13 seçim yenilgisine rağmen genel başkanını dahi değiştiremeyen başka bir parti. 

Sonda söyleyeceğimi o nedenle en başta söyledim. 

Ve yazıya da işin sırrı tam da burada gizli diye başladım. 

CHP’de “Demokrat dede” ile “zoomcu Ekrem’in” çekişmesi sürerken, 

Değişim çığlıkları CHP koridorlarını inletirken 

Ve Kılıçdaroğlu “ben Kemal gitmiyorum” şarkısını söylerken 

AK Parti’de değişim meşalesi çoktan yandı bile. 

Üstelik kazanılmış son seçim zaferine rağmen. 
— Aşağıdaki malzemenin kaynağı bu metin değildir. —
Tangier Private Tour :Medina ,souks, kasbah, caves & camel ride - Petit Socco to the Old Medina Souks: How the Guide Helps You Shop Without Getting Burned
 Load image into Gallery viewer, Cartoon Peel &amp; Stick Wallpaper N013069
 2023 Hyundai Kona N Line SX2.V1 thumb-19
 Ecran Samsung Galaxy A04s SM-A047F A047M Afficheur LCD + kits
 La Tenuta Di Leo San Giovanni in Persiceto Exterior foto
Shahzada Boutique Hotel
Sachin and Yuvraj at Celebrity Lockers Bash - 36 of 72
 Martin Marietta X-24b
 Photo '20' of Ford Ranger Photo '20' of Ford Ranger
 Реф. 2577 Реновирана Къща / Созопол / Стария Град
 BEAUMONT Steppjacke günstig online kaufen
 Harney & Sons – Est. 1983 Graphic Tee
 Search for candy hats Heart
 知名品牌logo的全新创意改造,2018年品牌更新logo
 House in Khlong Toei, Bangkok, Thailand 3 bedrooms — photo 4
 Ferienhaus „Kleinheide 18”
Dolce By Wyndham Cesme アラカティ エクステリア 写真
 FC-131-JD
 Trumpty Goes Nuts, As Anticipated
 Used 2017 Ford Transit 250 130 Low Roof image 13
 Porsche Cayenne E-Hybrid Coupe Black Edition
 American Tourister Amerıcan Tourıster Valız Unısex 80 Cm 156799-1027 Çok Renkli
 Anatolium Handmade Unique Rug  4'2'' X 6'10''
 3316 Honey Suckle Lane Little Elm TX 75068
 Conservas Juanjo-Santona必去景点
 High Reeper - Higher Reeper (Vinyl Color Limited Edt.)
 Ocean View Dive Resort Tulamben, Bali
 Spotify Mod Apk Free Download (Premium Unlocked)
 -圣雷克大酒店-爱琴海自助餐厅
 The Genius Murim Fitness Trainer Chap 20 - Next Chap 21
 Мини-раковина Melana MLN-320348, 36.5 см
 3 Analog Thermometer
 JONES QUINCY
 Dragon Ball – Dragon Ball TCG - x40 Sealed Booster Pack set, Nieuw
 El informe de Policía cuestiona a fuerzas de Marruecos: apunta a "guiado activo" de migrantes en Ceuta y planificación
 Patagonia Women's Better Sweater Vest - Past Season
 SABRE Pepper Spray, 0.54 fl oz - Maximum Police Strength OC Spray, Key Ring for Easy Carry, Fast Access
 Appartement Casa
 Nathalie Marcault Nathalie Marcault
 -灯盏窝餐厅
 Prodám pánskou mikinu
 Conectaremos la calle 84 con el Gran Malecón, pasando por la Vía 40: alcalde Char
CHP, “değişim değişim” diye Türkiye’nin gündemini meşgul ededursun, 

1 inciliklere ambargo koyan AK Parti’de değişim çoktan başladı bile. 

Bombanın büyüğü ise ekim ayında patlayacak. 

7 Ekim tarihinde yapılacak AK Parti Olağan Kongresinde genel merkez yöneticilerinin yarıdan fazlası değişecek. 

Koltuğunu kaybedecekler listesinin başında yer alan isim ise Teşkilatlardan Sorumlu Genel Başkan Yardımcısı Erkan Kandemir. 

Kandemir isminin liste başı olmasının nedeni son seçim zaferine rağmen, AK Parti’de yaşanan gözle görülür oy kaybı… 

Bir tarafta meclis çoğunluğunu elde etmesine rağmen genel merkezdeki kadronun büyük çoğunluğunu değiştirmeyi düşünen 22 yıllık iktidar partisi, 

Diğer tarafta ise yenildikçe yenilmiş, 

yerinde sayan, 

hantal, 

1970 model Renault otomobil gibi yürüyen aksamı çürümüş, 

değişimin “özde” değil “sözde” kaldığı bir ana muhalefet partisi 

SON SÖZ: 

7 Ekim’de AK Partide değişim rüzgarı esecek. 

Kadrolar yenilenecek. 

TARİH BELLİ, LİDER BELLİ, HEDEF BELLİ 

 

CHP’de ise bilinmeyen bir tarihte, bilinmeyen bir isimle, bilinmeyene doğru yol yürümeye devam edilecek. 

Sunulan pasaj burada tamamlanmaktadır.